Over the last few weeks, I’ve been working out how to make this happen. First off: have a positive outlook. I might not be able to work from home, but that doesn’t necessarily mean a loss of writing time. It just means a shift in schedule. It means perhaps heading to the gym later than usual. It means sneaking in some writing time during breaks and lunch times and bus commutes. And continuing with this longer-term plan of changing and improving my life, despite any distractions.
And most importantly, it means not giving up on my dreams and goals. Ever.
It’s time for me to be true to myself again. Far past time.

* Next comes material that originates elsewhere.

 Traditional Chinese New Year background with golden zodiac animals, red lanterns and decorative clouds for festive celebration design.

Over the past few years, I’ve come to the realization that I’ve learned an amazing amount as I evolve as a writer… and I’ve ‘unlearned’ just as much. It’s not just the hard-and-fast general rules we all learned in school that I’m talking about, like the grammar and composition and all that. I’m talking about rules regarding style and theme.
I think of my pre-trilogy work as me essentially learning the basics: in short, how to tell a cohesive story. They followed everything I’d learned up to that point. While you can definitely see a personal style coming out of it, the end result isn’t quite up to par. I’m going by the rules, but I’m really not putting all that much of me in there to make it my own. [I mean, other than dropping in obscure music references, inserting bad jokes, and general whinging about how life sucks.]

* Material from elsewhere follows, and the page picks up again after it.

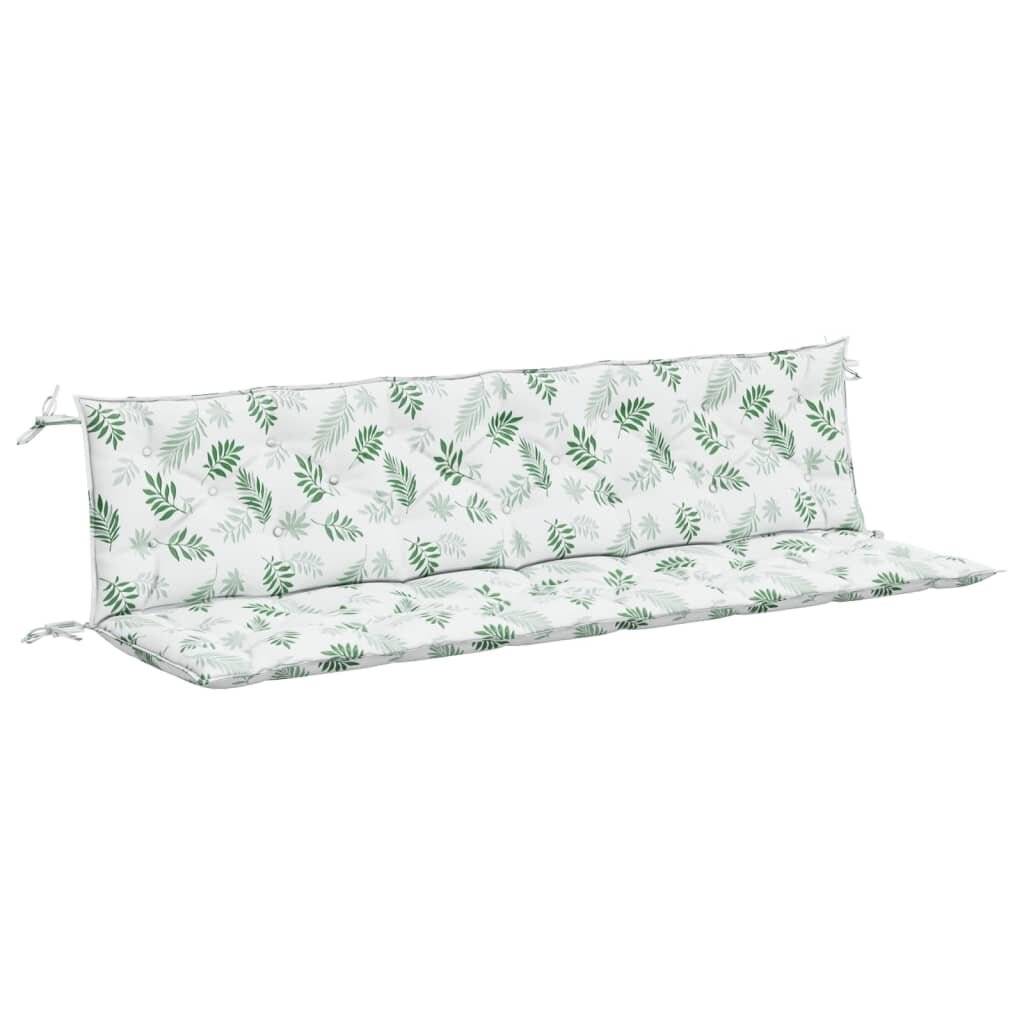 Gartenbank-Auflagen 2 Stk. Blattmuster 200x50x7 cm Stoff-2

While my work finally evolved over the many years I worked on the trilogy revision, it really wasn’t until Meet the Lidwells and In My Blue World where I think I finally understood how my writing needed to evolve even further. They’re both completely new projects that totally do not read the same way the trilogy does. And even more so with the Apartment Complex story, where I’ve completely broken down any self-made barriers I’d put up in regards to style and story.

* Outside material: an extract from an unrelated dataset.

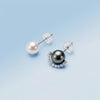 Pt900 Akoya & Black Pearl Asymmetry Earrings(8.5mm)＿Pt900 アコヤ＆黒蝶真珠 アシンメトリーピアス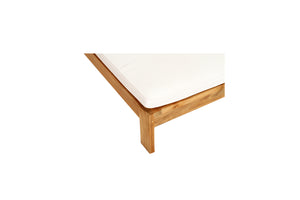 Harbour Island Slim Outdoor Sunlounger in Grade A teak with white Sunbrella cushion, adjustable backrest and wheels, coastal outdoor furniture for poolside or garden relaxation. Close up 1.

I tend to go through certain phases like this with certain aspects of my life; I’ll latch on to a new habit or process, or follow a new interest, and stay with it for a few years until I get bored with it. This boredom isn’t caused by the thing itself; it’s that I’ve been digging away at it passively and without question until I realize it’s doing nothing for me anymore. I suppose in the context of the trilogy — where I worked on the damn thing for almost twenty years — it was not just a relief to finally let it go, but to find a new project to latch onto, and in effect, a new writing process and style.
I’m pretty sure that in the next five or so years, I’ll have come up with some new writing projects that the me of today would never expect. [The Apartment Complex story is a perfect example here.] I’ve come to fully embrace the shorter turnaround and the shorter project that won’t keep me busy for years on end. I’m still thinking of writing new stories in the Mendaihu Universe, sure, but they’re not going to be my only claim to fame (so to speak). I find the quick turnaround much more exciting, and keeps my creative brain on the move.
I enjoy the idea that my writing continues to evolve. I’m trying to get out of the age-old habit of telling the same stories over and over again, and this is the best way to do it. I might still possess the occasional tell-tale stylistic quirks that make my writing unique, but the stories themselves will be different. And that’s how I want it. It’s how writing will continue to be a joy and an adventure for me.